__Input__:
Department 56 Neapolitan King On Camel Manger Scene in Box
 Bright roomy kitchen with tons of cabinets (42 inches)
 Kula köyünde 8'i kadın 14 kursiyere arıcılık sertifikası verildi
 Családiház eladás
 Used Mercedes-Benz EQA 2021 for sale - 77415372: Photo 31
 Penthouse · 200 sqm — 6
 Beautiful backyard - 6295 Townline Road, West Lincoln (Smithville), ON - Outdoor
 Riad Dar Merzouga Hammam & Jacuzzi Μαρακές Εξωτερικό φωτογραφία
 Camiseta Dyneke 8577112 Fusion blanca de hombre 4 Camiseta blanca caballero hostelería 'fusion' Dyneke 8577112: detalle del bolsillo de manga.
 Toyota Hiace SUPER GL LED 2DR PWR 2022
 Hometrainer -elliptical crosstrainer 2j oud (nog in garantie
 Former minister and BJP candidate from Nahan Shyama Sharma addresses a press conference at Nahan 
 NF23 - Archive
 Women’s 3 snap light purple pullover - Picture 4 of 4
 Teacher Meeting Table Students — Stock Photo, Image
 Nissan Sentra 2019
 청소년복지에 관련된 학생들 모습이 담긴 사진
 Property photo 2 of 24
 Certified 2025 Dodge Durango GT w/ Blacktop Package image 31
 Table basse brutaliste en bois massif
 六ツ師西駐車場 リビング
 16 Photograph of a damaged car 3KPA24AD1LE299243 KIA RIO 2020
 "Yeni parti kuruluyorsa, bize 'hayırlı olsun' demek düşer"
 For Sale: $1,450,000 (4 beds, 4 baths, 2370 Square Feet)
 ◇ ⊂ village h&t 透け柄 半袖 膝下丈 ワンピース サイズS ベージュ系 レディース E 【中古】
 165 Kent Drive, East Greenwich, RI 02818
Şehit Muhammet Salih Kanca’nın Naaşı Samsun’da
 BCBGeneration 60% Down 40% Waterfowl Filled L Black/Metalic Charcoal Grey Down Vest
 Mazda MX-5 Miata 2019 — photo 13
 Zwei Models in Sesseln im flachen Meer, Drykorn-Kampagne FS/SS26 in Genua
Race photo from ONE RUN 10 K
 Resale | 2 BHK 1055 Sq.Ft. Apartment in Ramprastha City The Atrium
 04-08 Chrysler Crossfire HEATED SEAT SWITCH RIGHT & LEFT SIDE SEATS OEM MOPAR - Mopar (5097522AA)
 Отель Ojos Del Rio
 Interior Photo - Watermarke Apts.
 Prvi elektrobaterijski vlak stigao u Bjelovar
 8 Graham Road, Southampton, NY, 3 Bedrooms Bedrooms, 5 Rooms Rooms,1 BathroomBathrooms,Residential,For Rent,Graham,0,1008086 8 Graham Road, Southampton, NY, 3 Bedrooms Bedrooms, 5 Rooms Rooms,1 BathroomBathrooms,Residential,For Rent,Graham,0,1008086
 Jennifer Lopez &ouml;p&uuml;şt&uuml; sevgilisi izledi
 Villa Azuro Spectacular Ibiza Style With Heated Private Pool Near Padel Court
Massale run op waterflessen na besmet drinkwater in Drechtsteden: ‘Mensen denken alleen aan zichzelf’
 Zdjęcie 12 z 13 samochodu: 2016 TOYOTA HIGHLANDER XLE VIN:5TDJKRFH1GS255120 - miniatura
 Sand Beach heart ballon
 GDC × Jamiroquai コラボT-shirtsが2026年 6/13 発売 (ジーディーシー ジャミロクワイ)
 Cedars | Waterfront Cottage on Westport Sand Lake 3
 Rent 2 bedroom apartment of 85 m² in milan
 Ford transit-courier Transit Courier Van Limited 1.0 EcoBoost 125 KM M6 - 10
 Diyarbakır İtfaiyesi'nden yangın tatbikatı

__Description of the task__:
In the data above, which lines lie between the line with "Şehit Muhammet Salih" and the line with "Massale run op", inclusive? Print those lines exactly and nothing else.

__Answer__:
Şehit Muhammet Salih Kanca’nın Naaşı Samsun’da
 BCBGeneration 60% Down 40% Waterfowl Filled L Black/Metalic Charcoal Grey Down Vest
 Mazda MX-5 Miata 2019 — photo 13
 Zwei Models in Sesseln im flachen Meer, Drykorn-Kampagne FS/SS26 in Genua
Race photo from ONE RUN 10 K
 Resale | 2 BHK 1055 Sq.Ft. Apartment in Ramprastha City The Atrium
 04-08 Chrysler Crossfire HEATED SEAT SWITCH RIGHT & LEFT SIDE SEATS OEM MOPAR - Mopar (5097522AA)
 Отель Ojos Del Rio
 Interior Photo - Watermarke Apts.
 Prvi elektrobaterijski vlak stigao u Bjelovar
 8 Graham Road, Southampton, NY, 3 Bedrooms Bedrooms, 5 Rooms Rooms,1 BathroomBathrooms,Residential,For Rent,Graham,0,1008086 8 Graham Road, Southampton, NY, 3 Bedrooms Bedrooms, 5 Rooms Rooms,1 BathroomBathrooms,Residential,For Rent,Graham,0,1008086
 Jennifer Lopez &ouml;p&uuml;şt&uuml; sevgilisi izledi
 Villa Azuro Spectacular Ibiza Style With Heated Private Pool Near Padel Court
Massale run op waterflessen na besmet drinkwater in Drechtsteden: ‘Mensen denken alleen aan zichzelf’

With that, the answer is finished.